BEGIN

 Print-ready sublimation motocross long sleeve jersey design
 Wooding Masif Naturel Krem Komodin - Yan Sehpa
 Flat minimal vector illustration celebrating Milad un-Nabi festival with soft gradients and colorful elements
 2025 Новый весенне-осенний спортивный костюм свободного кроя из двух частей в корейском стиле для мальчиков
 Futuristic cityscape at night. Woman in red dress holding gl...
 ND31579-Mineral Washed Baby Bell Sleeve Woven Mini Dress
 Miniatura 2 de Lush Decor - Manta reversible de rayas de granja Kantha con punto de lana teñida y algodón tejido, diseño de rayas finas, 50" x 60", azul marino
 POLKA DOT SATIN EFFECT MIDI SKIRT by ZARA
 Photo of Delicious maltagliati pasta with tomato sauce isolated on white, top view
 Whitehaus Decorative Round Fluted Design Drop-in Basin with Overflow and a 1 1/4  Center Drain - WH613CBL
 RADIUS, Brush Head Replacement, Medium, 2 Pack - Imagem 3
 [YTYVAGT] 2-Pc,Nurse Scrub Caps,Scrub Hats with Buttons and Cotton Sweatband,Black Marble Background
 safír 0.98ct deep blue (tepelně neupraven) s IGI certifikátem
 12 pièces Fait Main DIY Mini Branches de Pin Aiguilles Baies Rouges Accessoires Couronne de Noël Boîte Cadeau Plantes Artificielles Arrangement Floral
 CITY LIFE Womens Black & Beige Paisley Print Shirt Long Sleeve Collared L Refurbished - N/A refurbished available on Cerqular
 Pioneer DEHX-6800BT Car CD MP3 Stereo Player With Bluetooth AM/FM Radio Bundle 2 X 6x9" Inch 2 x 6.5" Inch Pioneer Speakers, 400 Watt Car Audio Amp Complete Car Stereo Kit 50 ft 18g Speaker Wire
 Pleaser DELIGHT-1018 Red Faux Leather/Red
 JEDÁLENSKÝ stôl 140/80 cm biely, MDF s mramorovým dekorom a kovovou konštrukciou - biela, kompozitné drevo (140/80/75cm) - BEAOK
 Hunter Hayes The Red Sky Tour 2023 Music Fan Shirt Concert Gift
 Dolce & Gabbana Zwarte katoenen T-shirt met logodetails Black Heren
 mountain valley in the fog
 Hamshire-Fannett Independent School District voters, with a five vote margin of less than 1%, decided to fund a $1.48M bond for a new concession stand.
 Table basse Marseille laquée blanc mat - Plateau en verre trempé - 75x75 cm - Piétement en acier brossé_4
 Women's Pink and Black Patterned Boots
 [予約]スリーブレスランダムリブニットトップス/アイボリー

END

## INSTRUCTIONS FOR THE TASK
What lines in the entries above hold "Print"? Copy every one.

## THE COMPLETED TASK
 Print-ready sublimation motocross long sleeve jersey design
 CITY LIFE Womens Black & Beige Paisley Print Shirt Long Sleeve Collared L Refurbished - N/A refurbished available on Cerqular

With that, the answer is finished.